Que causan cáncer o que nos hacen tontos son algunas de las creencias sobre los teléfonos inteligentes
Mientras que los celulares inteligentes ocupan un lugar cada vez más esencial en nuestras vidas, hay muchos conceptos erróneos sobre cómo usarlos y cómo nos afectan.

Producen cáncer

La Organización Mundial de la Salud (OMS) generó una pequeña oleada de pánico en 2011, cuando clasificó la radiación emitida por los teléfonos como "posiblemente cancerígena". Pero los científicos nunca han podido establecer un vínculo directo entre los celulares y el cáncer, algo que incluso llegó a admitir la OMS.

Los investigadores aún tienen pendiente dar por tierra definitivamente la creencia de que los teléfonos incrementan el riesgo de padecer dos tipos de cáncer cerebral, uno maligno y otro benigno, porque nunca se encontró un vínculo causal definitivo. El Instituto nacional del cáncer estadounidense, en tanto, no ha encontrado incrementos significativos de tumores malignos cerebrales en la última década, en la que se extendió masivamente el uso de celulares.

No son accesibles para las clases bajas

La percepción de que los smartphones están por fuera del alcance de los más pobres ha encendido distintos debates políticos. En Estados Unidos, por ejemplo, el gobierno propone subisdios para servicios de teléfono, un sistema que ha sido duramente criticado por sus oponentes políticos.

Pero el descenso en los precios de este tipo de celulares los ha hecho más cercanos a las clases bajas, gracias en parte a empresas como Motorola, Huawei o Xiaomi.

Incluso en situaciones de crisis, los teléfonos se han convertido en una forma confiable de obtener información, pedir ayuda y encontrar un lugar donde vivir. La revista Time llamó a los smartphones una "línea vital" para los refugiados. Le consultó a un hombre sirio que era más importante, ¿la comida o la energía? Respondió sin dudarlo: "Cargar mi teléfono".

Nos hacen tontos y antisociales

Parece razonable, especialmente considerando las miradas fijas y vacías de la mayoría de las personas que usan sus teléfonos. Sin hablar de todos los accidentes fatales producidos por las selfis. Investigadores de Microsoft se robaron los titulares cuando establecieron que el tiempo de atención del humano promedio había bajado de 12 segundos a ocho entre 2000 y 2015, y que los implementos digitales habían colaborado a ese declive.

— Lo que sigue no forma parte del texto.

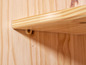Houten plank met schroeven bevestigd aan een houten wand.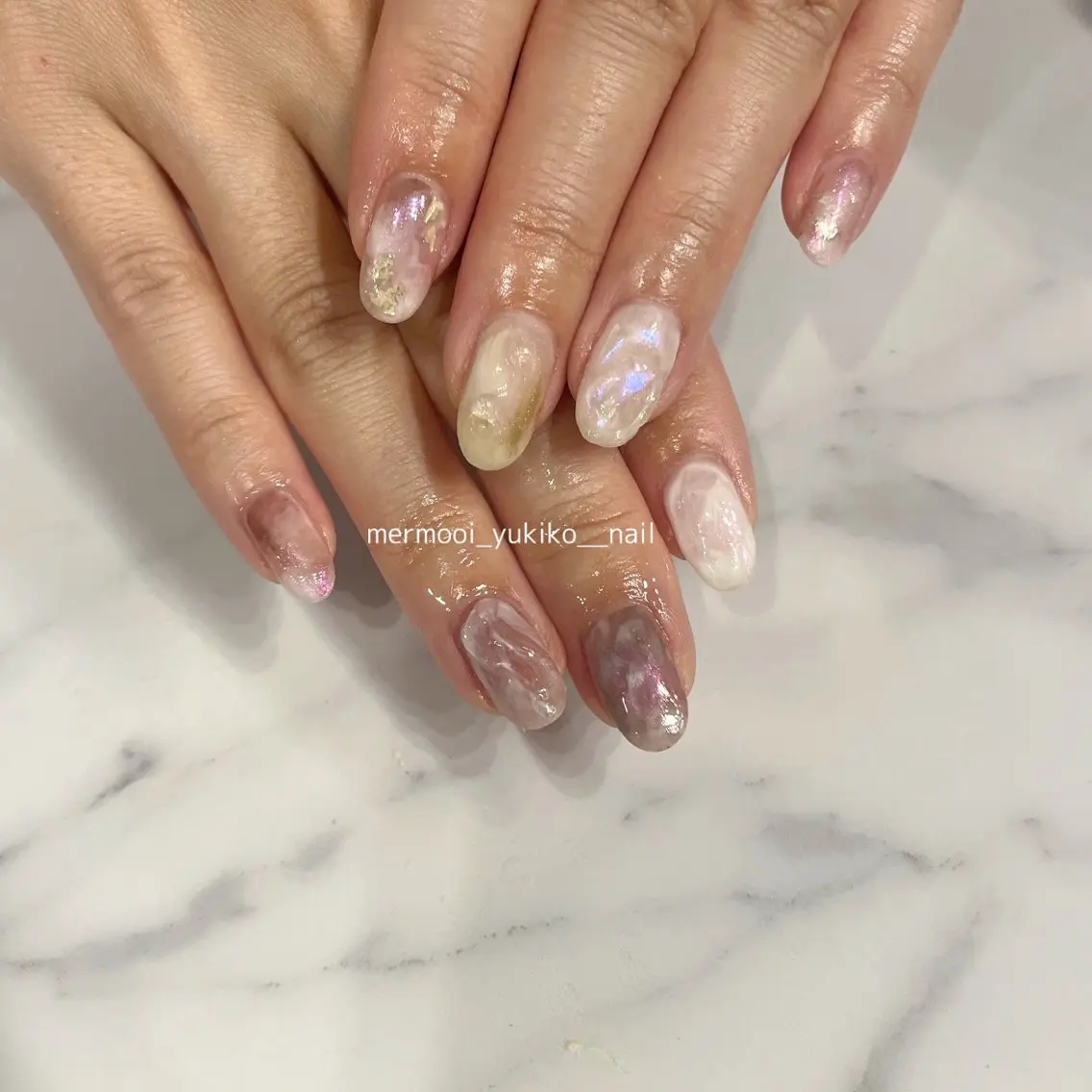 ネイル オーロラネイル ミラーネイル ニュアンスネイル mermooi nailのネイルデザイン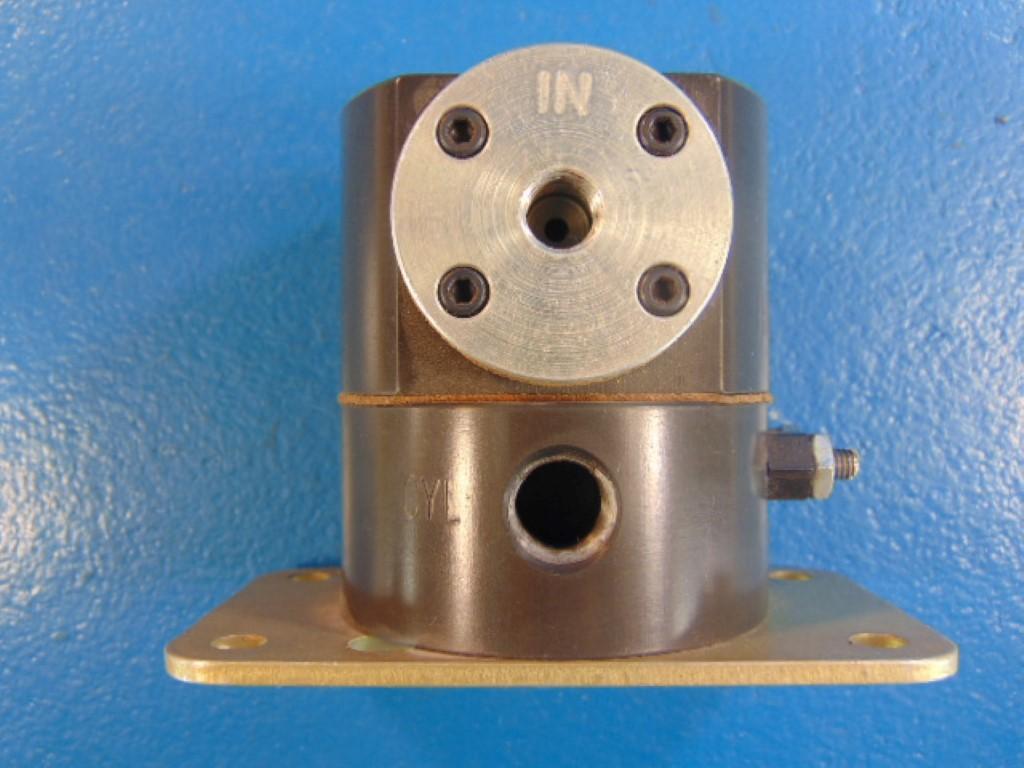 Allen-Bradley 1/8" INLETS 1/4" Outlets Allenair Pilot Pressure Valve
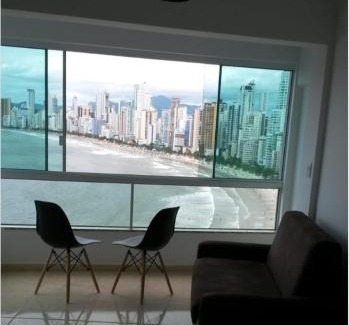 Pioneiros Apartment | Apto frente ao mar Balneário Camboriú
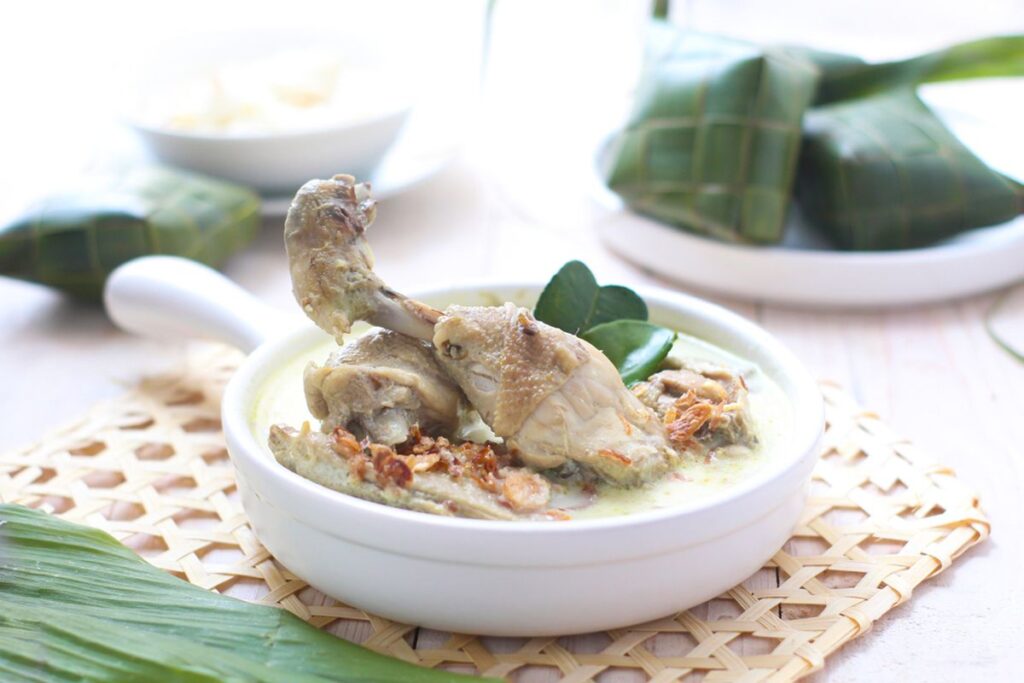 Bukan Sekadar Menu Lebaran! Ini Sejarah Opor Ayam yang Bertahan Ratusan Tahun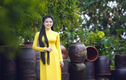 Hoa hậu Ngọc Anh đẹp tinh khôi thăm làng gốm Phù Lãng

Pero no hay nada inherente a los smartphones que nos haga más tontos. En cuanto a la inteligencia real, algunos estudios indican que de hecho nos hacen más inteligentes, sobre todo en casos de personas mayores. El uso excesivo de teléfonos e internet es considerado cada vez más como una adicción. Pero eso no hace a sus usuarios antisociales. De hecho, nos permiten hablar con mayor frecuencia con amigos y parientes, así como organizar eventos y conocer a nuevas personas.

Están matando a las tiendas

Hay quienes afirman que eventualmente la venta online reemplazará a las tiendas físicas. No se puede negar que los teléfonos han cambiado la forma de comprar y que proveen una alternativa para la tienda tradicional, pero un 90% de las compras se siguen realizando en locales físicos. Además, cada vez son más frecuentes las tiendas que permiten comprar online y retirar su producto en un local establecido.

Nos hacen más productivos

Uno de los mayores argumentos de venta para los fabricantes de teléfonos es la productividad. Pero teclear en el smartphone todo el día no significa que se van a cumplir con las tareas o los plazos. Las investigaciones afirman lo contrario. Un esudio de las universidades de Würzburg y Nottingham-Trent realizada con 95 participantes, determinó que cuanto más lejos tenían los usuarios sus teléfonos, más se incrementaban los niveles de producción.